Stored data entries:
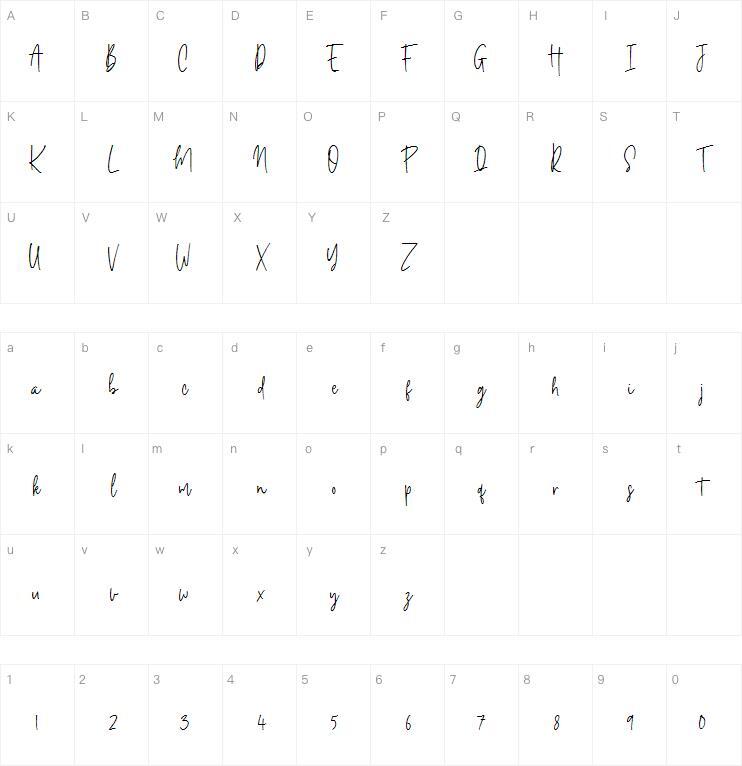 mattiface字体 Mappa dei caratteri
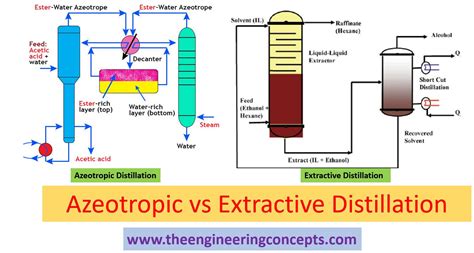 Azeotropic Vs Extractive Distillation - The Engineering Concepts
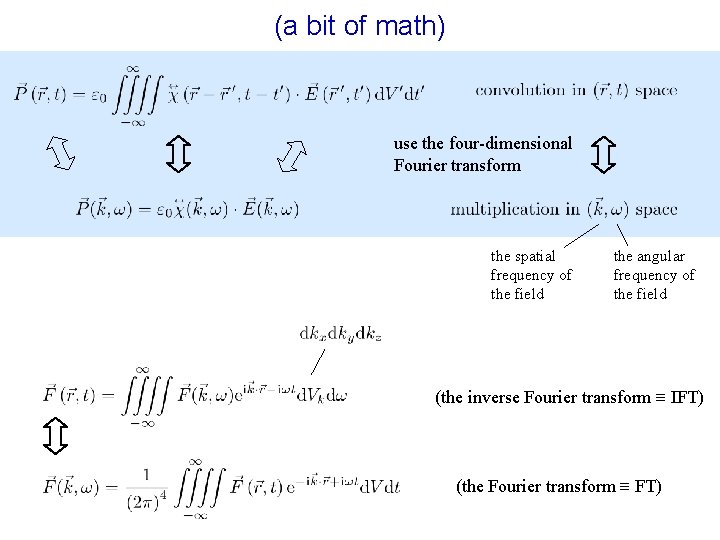 (a bit of math) use the four-dimensional Fourier transform the spatial frequency of the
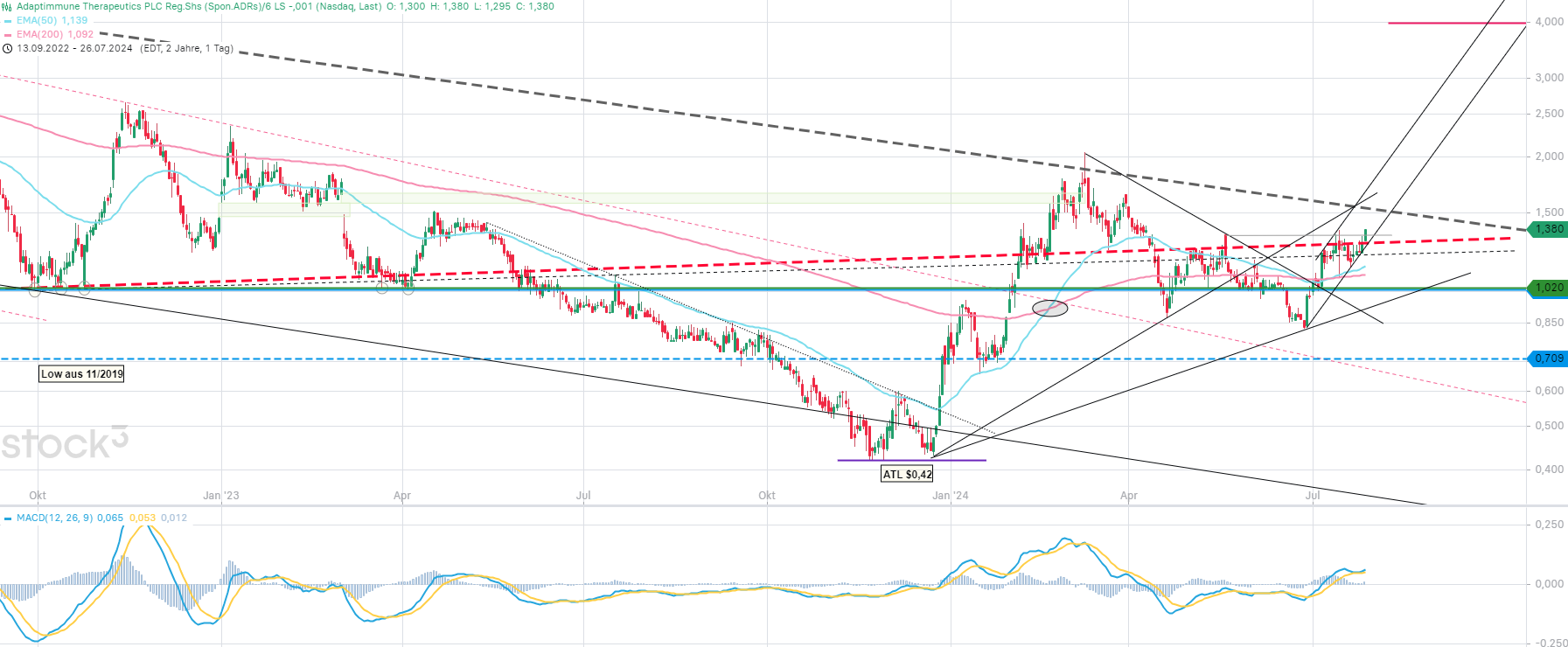 ADAP: Adaptimmune - Transforming T-Cell therapy 1440291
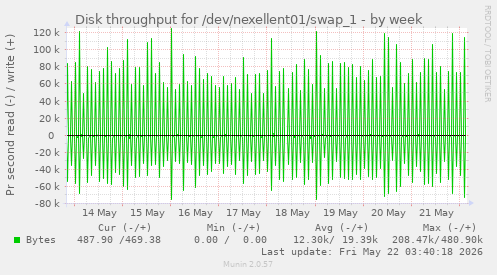 Disk throughput for /dev/nexellent01/swap_1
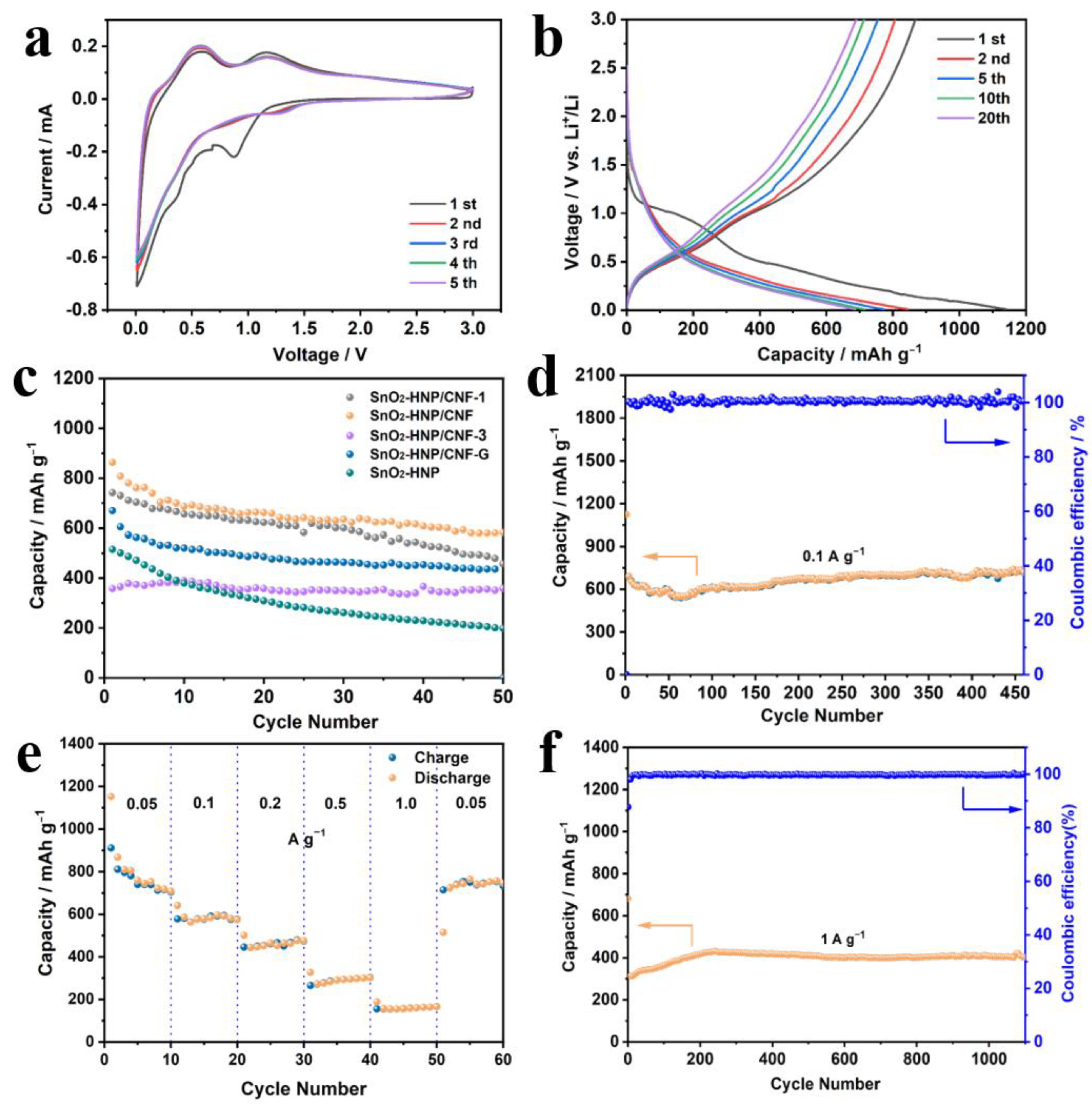 Nanomaterials 13 02226 g004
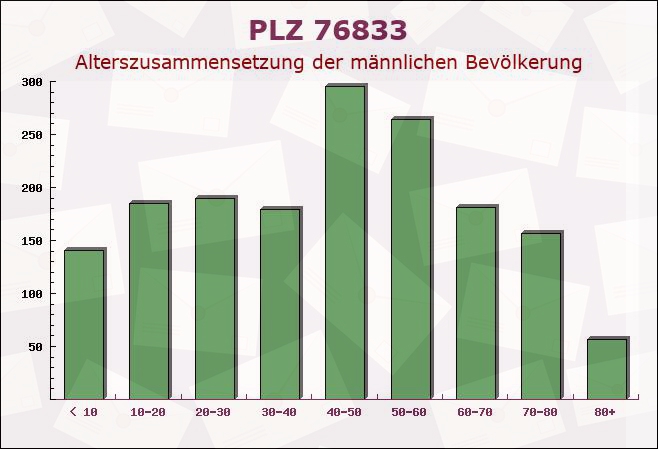 Postleitzahl 76833 Knöringen, Rheinland-Pfalz - Männliche Bevölkerung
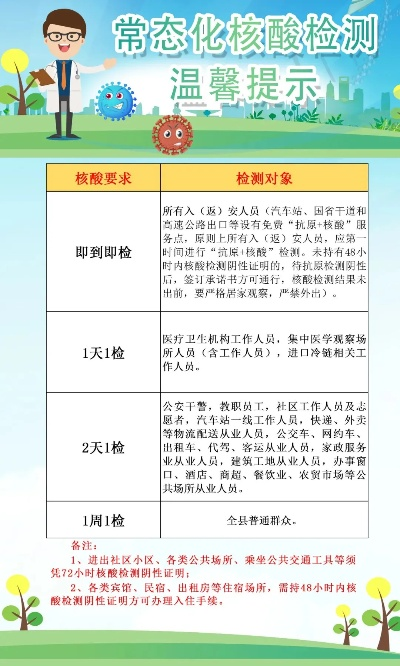 多地优化核酸检测要求︰(多地优化核酸检测要求最新)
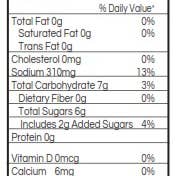 1934 - Vendita all'ingrosso Salsa barbecue - 1934 Salsa BBQ - Fumo1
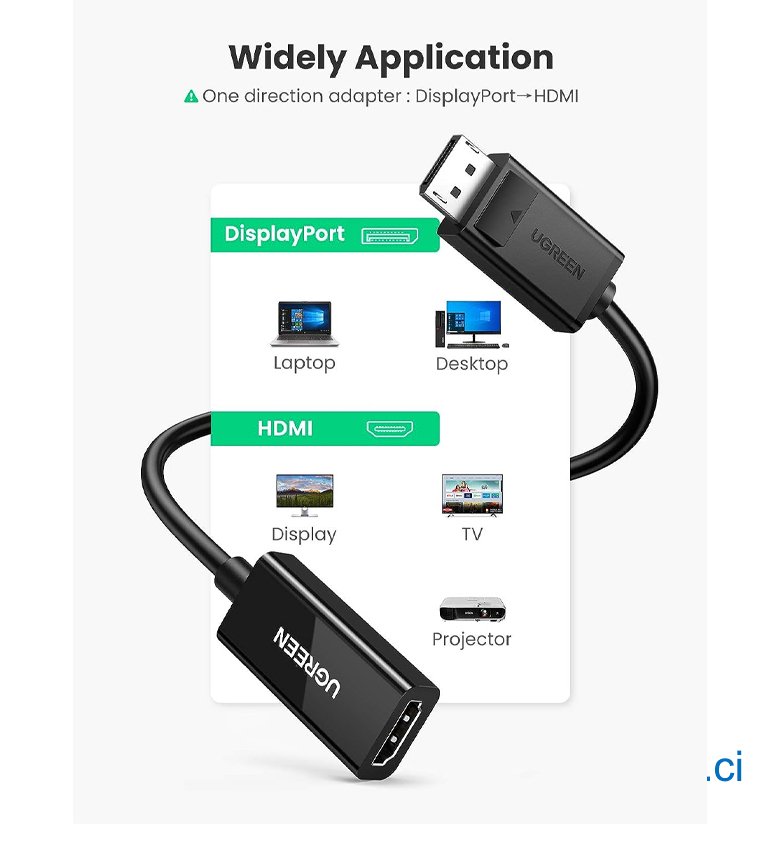 Adaptateur UGREEN DisplayPort vers HDMI 4K 60Hz mâle vers femelle convertisseur DP vers HDMI cordon d'affichage vidéo pour moniteur HDTV projecteur ordinateur #10079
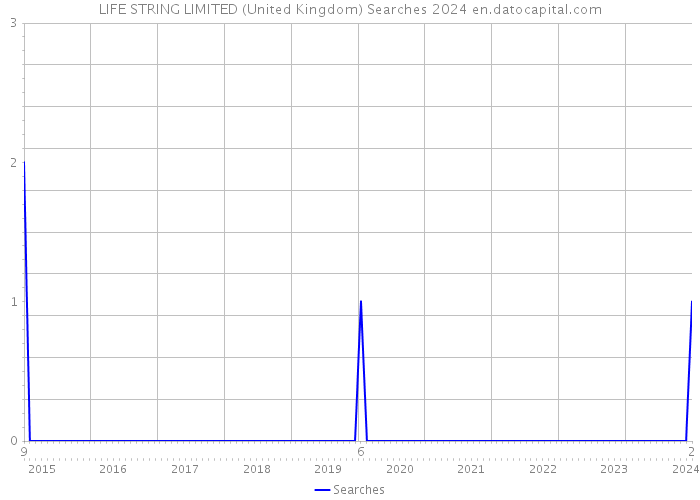 LIFE STRING LIMITED (United Kingdom) Searches 2024 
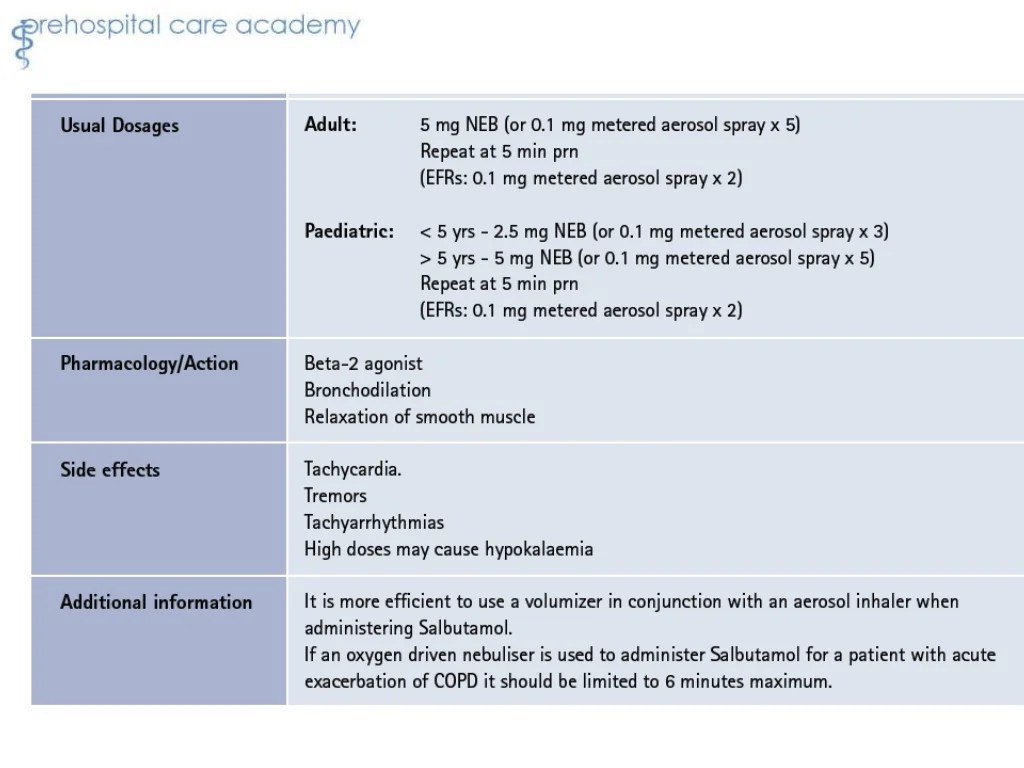 Why should emts study pharmacology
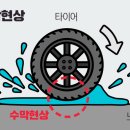 아마존타이어 네이버블로그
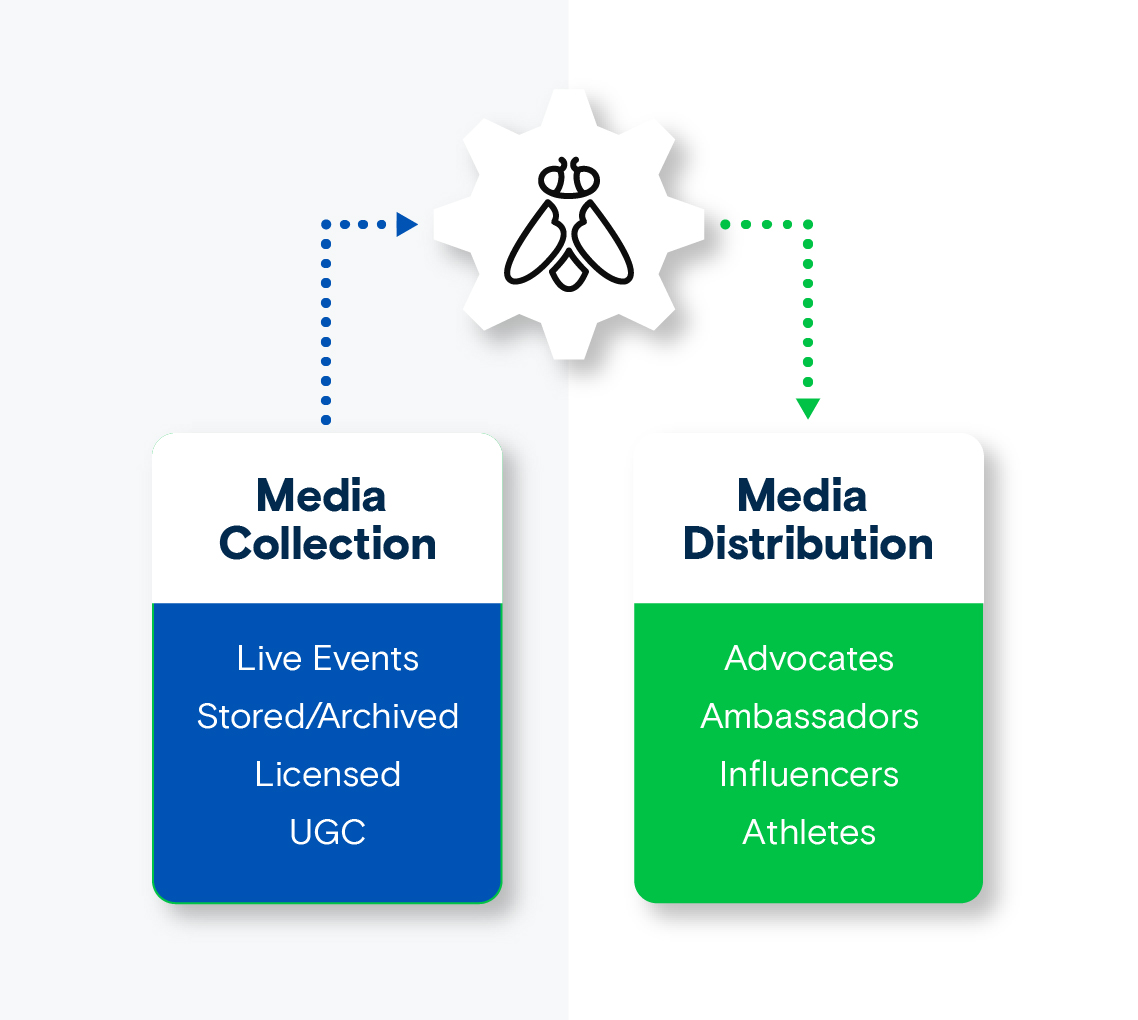 Diagram of the Greenfly platform connecting administrators with advocates and digital media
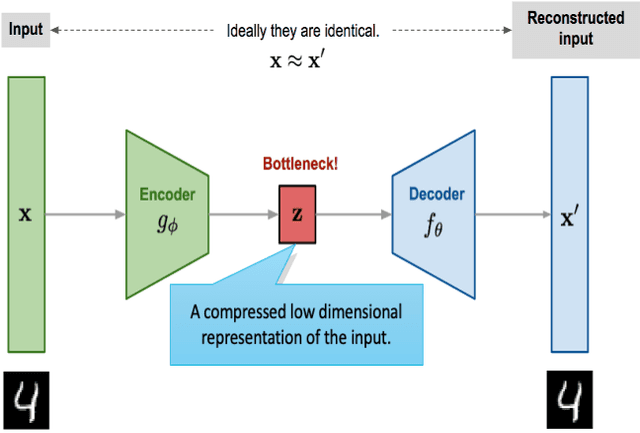 Figure 1 for Helicopter Track Identification with Autoencoder
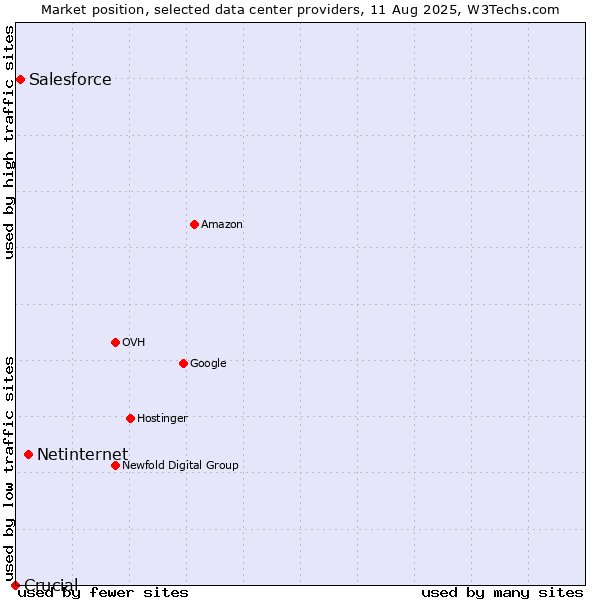 Market position of Netinternet vs. Salesforce vs. Crucial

What this task involves
A word-for-word copy of the records is needed, with no pictures carried over.

Solution to this task
 mattiface字体 Mappa dei caratteri
 Azeotropic Vs Extractive Distillation - The Engineering Concepts
 (a bit of math) use the four-dimensional Fourier transform the spatial frequency of the
 ADAP: Adaptimmune - Transforming T-Cell therapy 1440291
 Disk throughput for /dev/nexellent01/swap_1
 Nanomaterials 13 02226 g004
 Postleitzahl 76833 Knöringen, Rheinland-Pfalz - Männliche Bevölkerung
 多地优化核酸检测要求︰(多地优化核酸检测要求最新)
 1934 - Vendita all'ingrosso Salsa barbecue - 1934 Salsa BBQ - Fumo1
 Adaptateur UGREEN DisplayPort vers HDMI 4K 60Hz mâle vers femelle convertisseur DP vers HDMI cordon d'affichage vidéo pour moniteur HDTV projecteur ordinateur #10079
 LIFE STRING LIMITED (United Kingdom) Searches 2024 
 Why should emts study pharmacology
 아마존타이어 네이버블로그
 Diagram of the Greenfly platform connecting administrators with advocates and digital media
 Figure 1 for Helicopter Track Identification with Autoencoder
 Market position of Netinternet vs. Salesforce vs. Crucial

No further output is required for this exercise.